In the ScriptWindow, let us first create an object of XMLDocument Class as well as StreamWriter class
XmlDocument xDoc = new XmlDocument();
StreamWriter sw = null;
In the PreExecute Method, let us initialize the StreamWriterClass as shown under
var destinationFileName = @"D:\All_PlayerInfo.txt";
sw = new StreamWriter(destinationFileName,true);
As can be figured out, this can even be set as a variable and be pass at runtime.
Next override the CreateNewOutputRows() by the below code piece
xDoc.Load(Variables.varCompleteFileName);
foreach (XmlNode xBelongsToNode in xDoc.SelectNodes("//BelongsTo"))
{
foreach (XmlNode xPlayerNode in xDoc.SelectNodes("//Player"))
{
var playerInfo = string.Concat(xPlayerNode.Attributes[0].Value, ",",
xPlayerNode.Attributes[1].Value, ",",
xBelongsToNode.Attributes[0].Value, ",",
xPlayerNode.Attributes[2].Value, ",",
xPlayerNode.Attributes[3].Value, ",",
xPlayerNode.Attributes[4].Value );
sw.Write(playerInfo + Environment.NewLine);
}
}
Basically we are looping through the PlayerNode for getting the PlayerInformation for every xml file available in the source directory and then by using the StreamWriter class, we are writing the information to the destination location.

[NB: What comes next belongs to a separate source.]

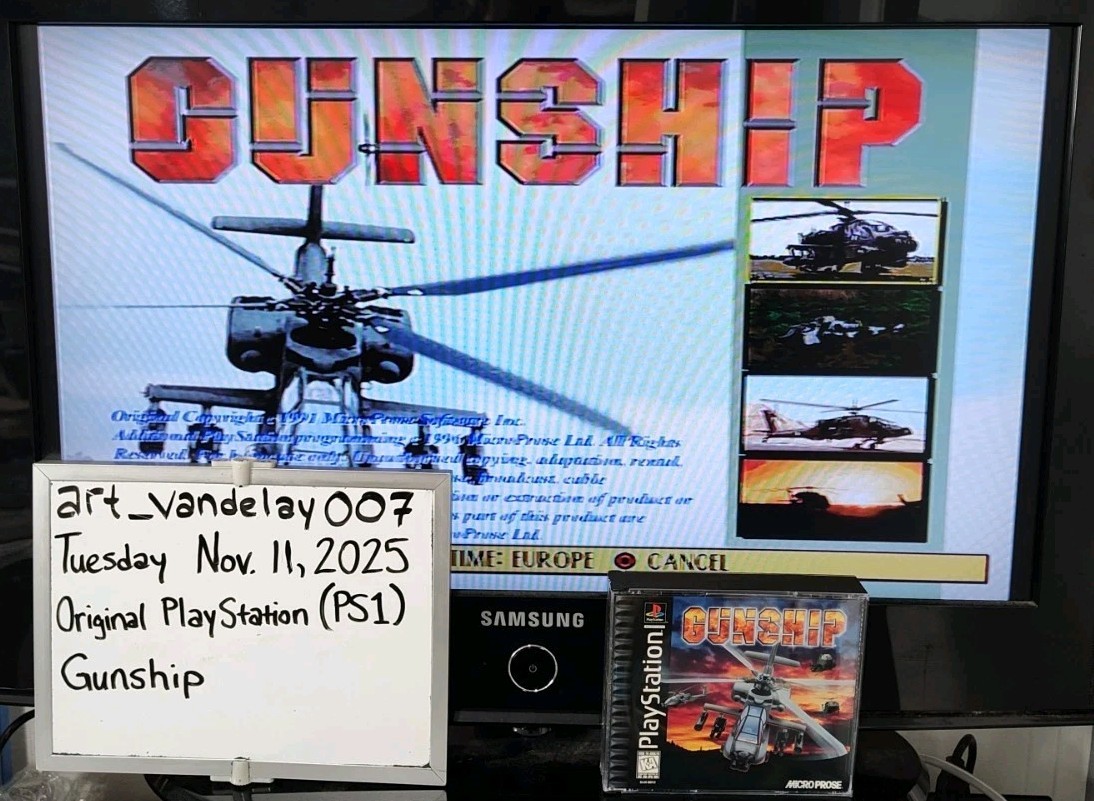 Gunship (PS1, 1996) *CIB w/ Reg Card + Case Protector* NM* Black Label* Tested!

Finally, in the PostExecute Method, let's dispose the StreamWriter object.
The full piece of code is given as under
using System;
using System.IO;
using System.Xml;
[Microsoft.SqlServer.Dts.Pipeline.SSISScriptComponentEntryPointAttribute]

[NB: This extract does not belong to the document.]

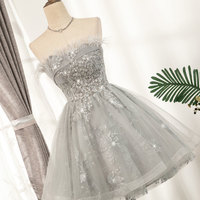 Gray tulle sequins short prom dress - Thumbnail 2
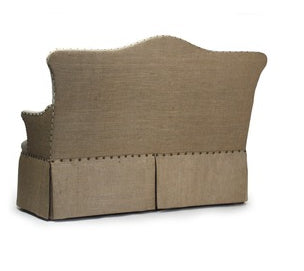 Linen & Burlap Skirted Sofa with Nailhead Trim | Scenario Home - Furniture - Linen & Burlap Skirted Sofa With Nailhead Trim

public class ScriptMain : UserComponent
{
XmlDocument xDoc = new XmlDocument();
StreamWriter sw = null;
public override void PreExecute()
{
base.PreExecute();
var destinationFileName = @"D:\All_PlayerInfo.txt";
sw = new StreamWriter(destinationFileName,true);
}
public override void PostExecute()
{
base.PostExecute();
sw.Close();
}
public override void CreateNewOutputRows()
{
xDoc.Load(Variables.varCompleteFileName);
foreach (XmlNode xBelongsToNode in xDoc.SelectNodes("//BelongsTo"))
{
foreach (XmlNode xPlayerNode in xDoc.SelectNodes("//Player"))
{
var playerInfo = string.Concat(xPlayerNode.Attributes[0].Value, ",",
xPlayerNode.Attributes[1].Value, ",",
xBelongsToNode.Attributes[0].Value, ",",
xPlayerNode.Attributes[2].Value, ",",
xPlayerNode.Attributes[3].Value, ",",
xPlayerNode.Attributes[4].Value );
sw.Write(playerInfo + Environment.NewLine);
}
}
}
}
If we run the application, we can see the below output generated in the All_PlayerInfo.txt
1,India Player1,India,10,900,24
2,India Player2,India,12,456,10
3,India Player3,India,6,88,34
4,India Player4,India,9,345,22
5,India Player5,India,11,889,4
1,Australia Player1,Australia,6,500,54
2,Australia Player2,Australia,7,123,5
3,Australia Player3,Australia,15,888,14
4,Australia Player4,Australia,77,5000,223
5,Australia Player5,Australia,55,5567,18
1,Canada Player1,Canada,16,112,64
2,Canada Player2,Canada,5,173,51
1,USA Player1,USA,1,16,3
2,USA Player2,USA,2,14,1
Our last task is to insert this record into the database by using the Bulk Insert task.
Step 5: Configure the Bulk Inset Task
Double click on the Bulk Insert Task to open up the Bulk Insert Task Editor. In the Connection Section, let us do the below changes
- Give the Proper Connection String and the Destination Table Name
- The Column Delimiter should be Comma Seperated {,} in this case
- Enter the source file name which is All_PlayerInfo.txt here.
That's it.
Step 6:
Let us now run the package and it will happily execute as depicted under
Inorder to verify that our player records has been inserted properly into the database, let us issue the below query in the SSMS query window
select * from [dbo].[tbl_PlayerInfo]
and the result pane turns out with the below result
What we learnt from Example 2
In this lesson, we learnt how to configure and use Execute SQL task, Bulk Insert Task, picking up the file names at runtime using variables defined within the scope of a Foreach Loop Container and reading the same inside a script component.
So we have seen two small examples of script component and we have learnt how to configure this component, how to use it in conjunction with other components etc. But these are only a few of the various scenarios where the power of this component comes into picture.I will add more example about this component in this post very soon.
Thanks for reading.